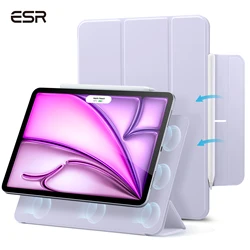 ESR Magnetic Rebound Cover - Premium Protection for Air 13 M4 M3 M2 (Light purple)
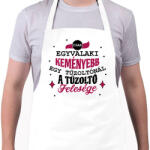 printfashion Tűzoltó felesége - Kötény - Fehér (10749606)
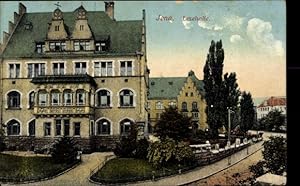 Bild des Verkufers fr Ansichtskarte / Postkarte Jena in Thringen, Lesehalle - Bahnpost Weimar Gera Reuss, Zug 406 zum Verkauf von akpool GmbH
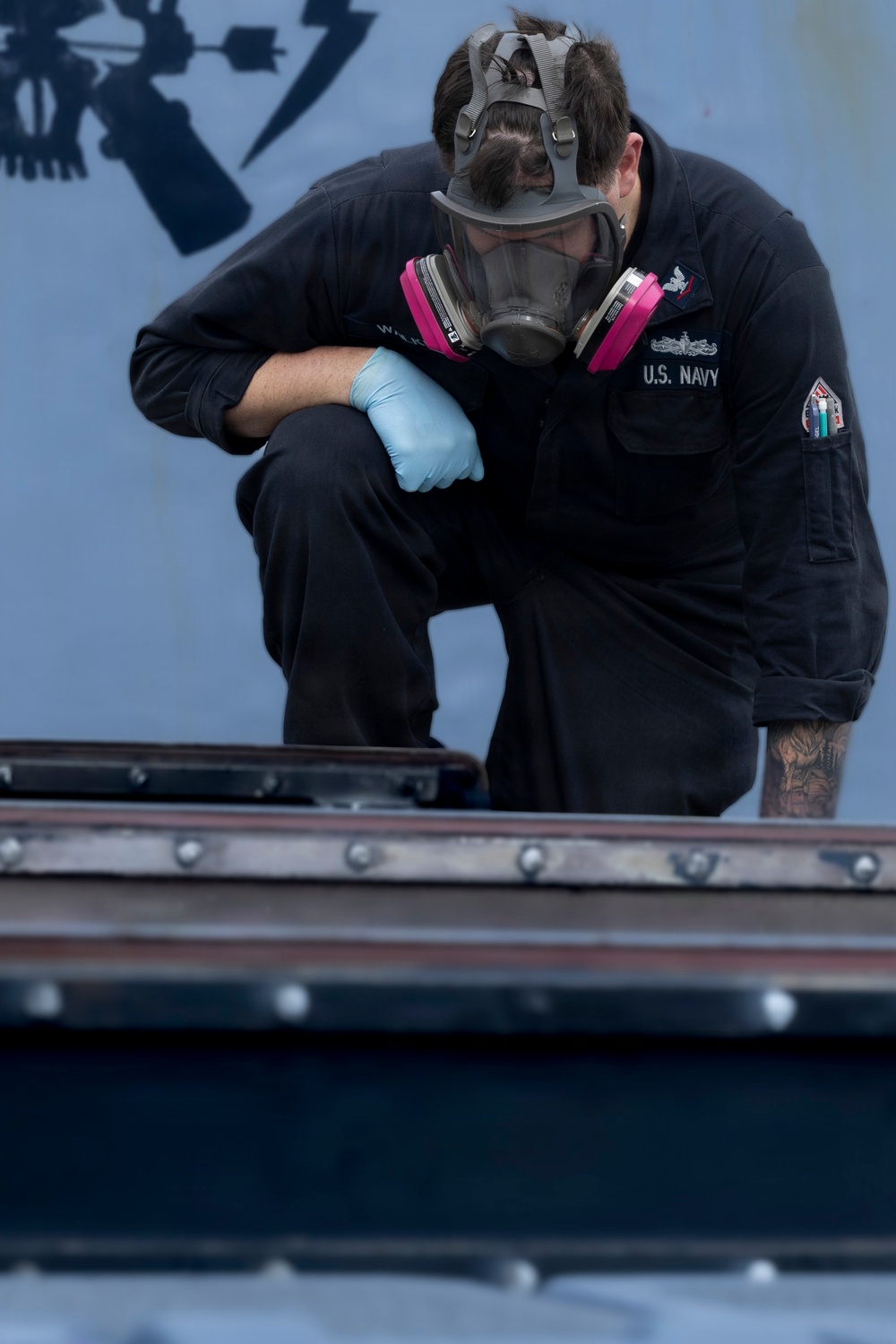 Delbert D. Black Sailors Conduct Maintenance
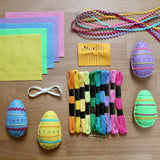 Make your own Felt Easter Decorations KIT | Embroidered Easter Egg Bundle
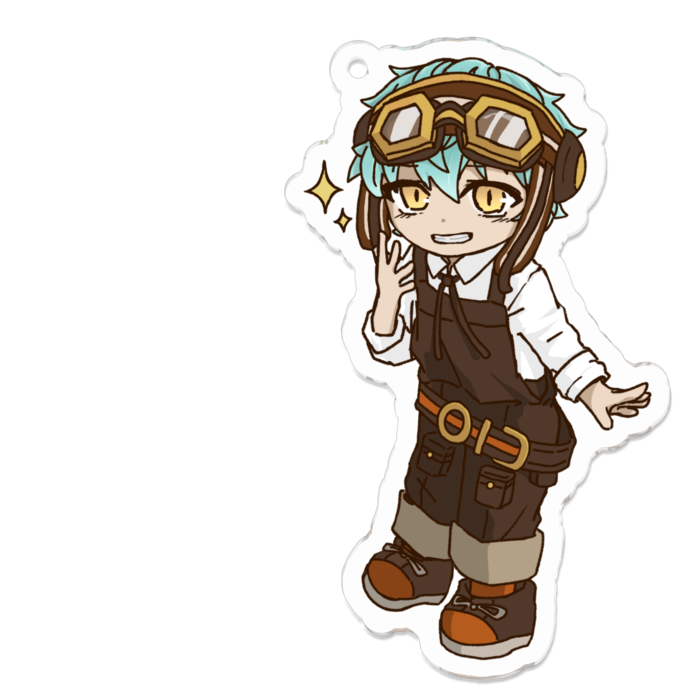 アクリルキーホルダー - 70 x 70 (mm)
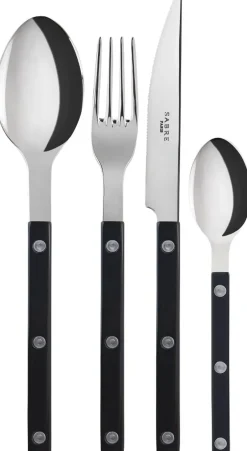 Bestik<Sabre Paris Bistrot Solid / 4 pieces cutlery set / Black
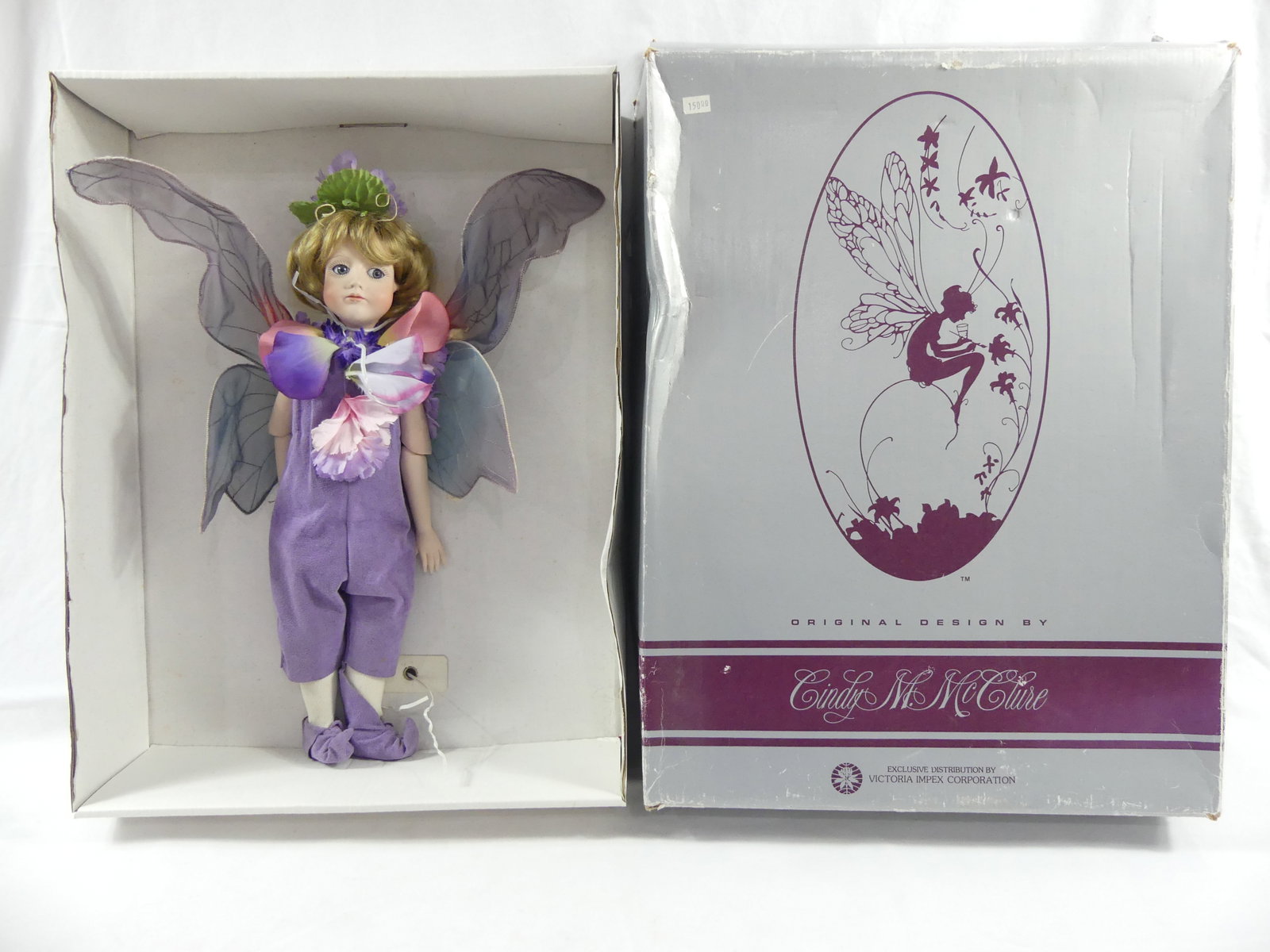 Cindy M. McClure Doll with Butterfly Wings: approx. 16 inches, see photo's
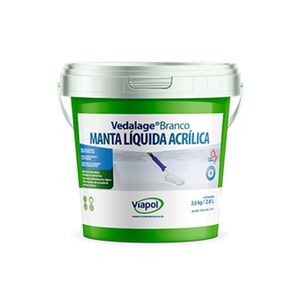 Impermeabilizante Manta Líquida Vedalage Branco 3,6Kg Viapol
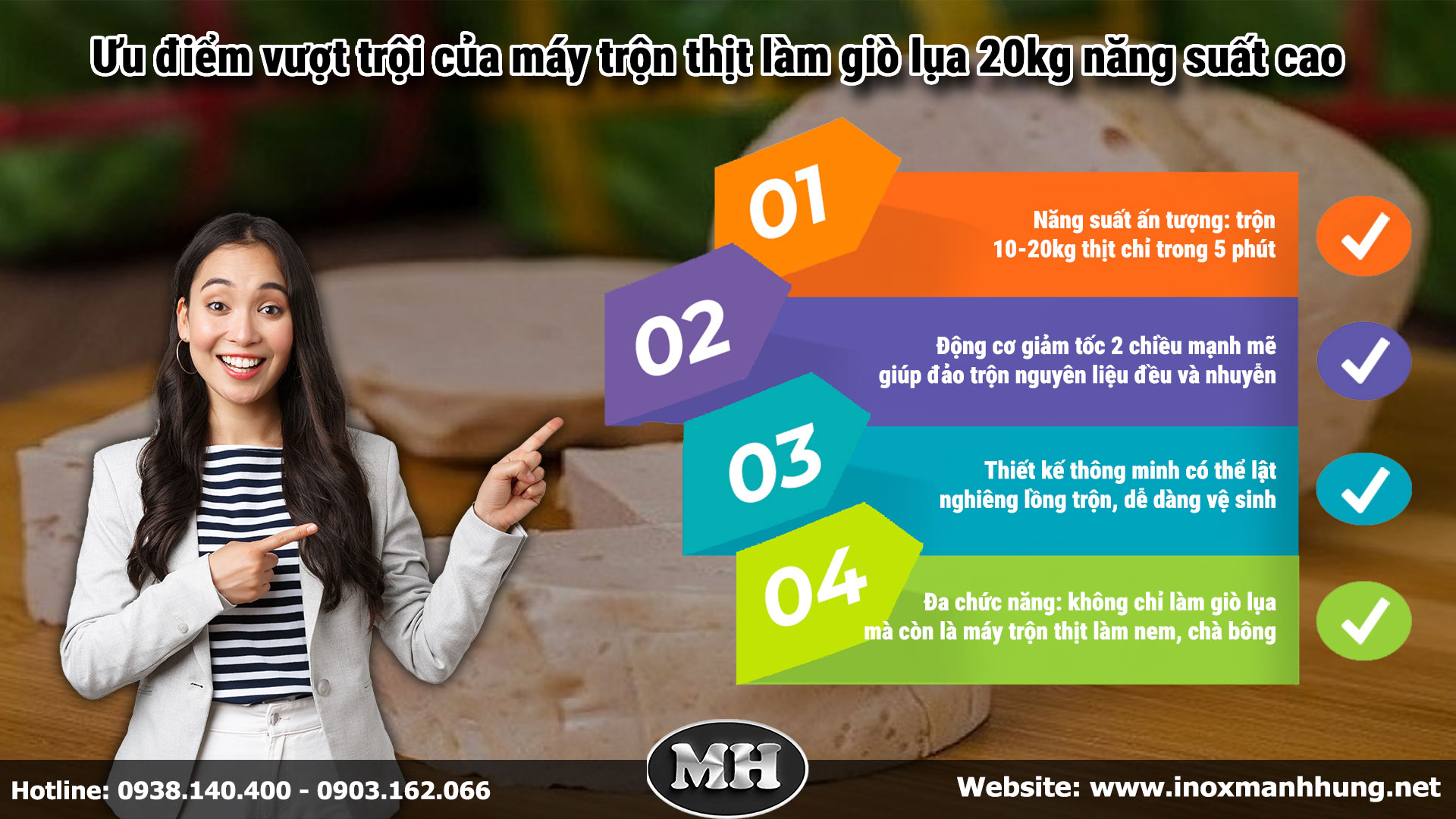 Ưu điểm vượt trội của máy trộn thịt 20kg năng suất cao Ưu điểm vượt trội của máy trộn thịt 20kg năng suất cao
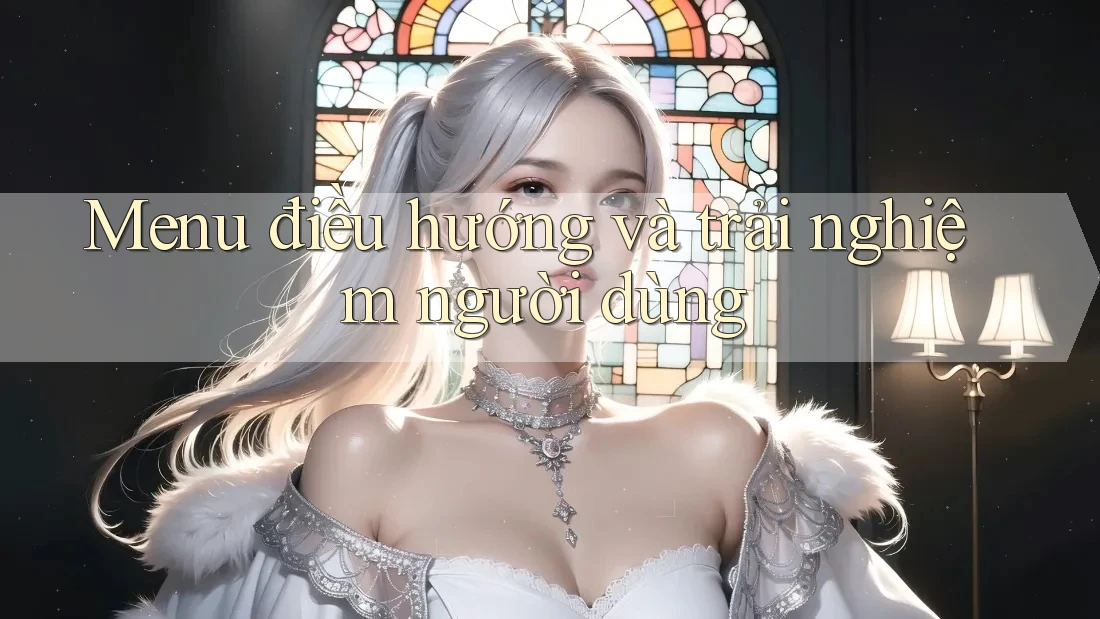 Menu điều hướng và trải nghiệm người dùng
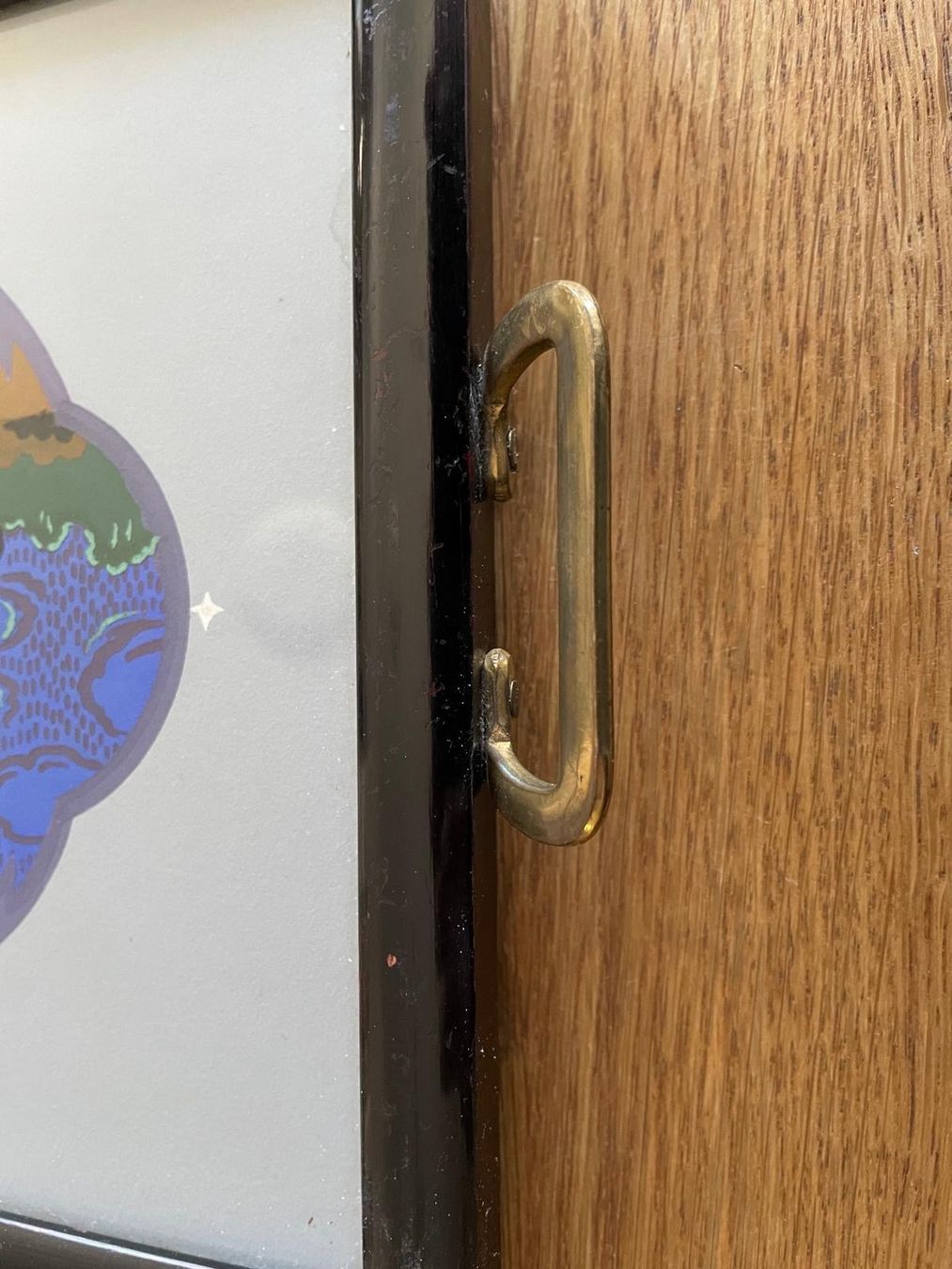 Elettrodomestici da cucina: Kleines altes Serviertablett mit gemaltem Bild – Usato da Schwerzenbach venduto da Tamama 6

================================

AIM OF THE TASK:
With the pictures left out, give again exactly the lines from the one that contains "suất cao Ưu" through the final line of the data above.

TASK ANSWER:
 Ưu điểm vượt trội của máy trộn thịt 20kg năng suất cao Ưu điểm vượt trội của máy trộn thịt 20kg năng suất cao
 Menu điều hướng và trải nghiệm người dùng
 Elettrodomestici da cucina: Kleines altes Serviertablett mit gemaltem Bild – Usato da Schwerzenbach venduto da Tamama 6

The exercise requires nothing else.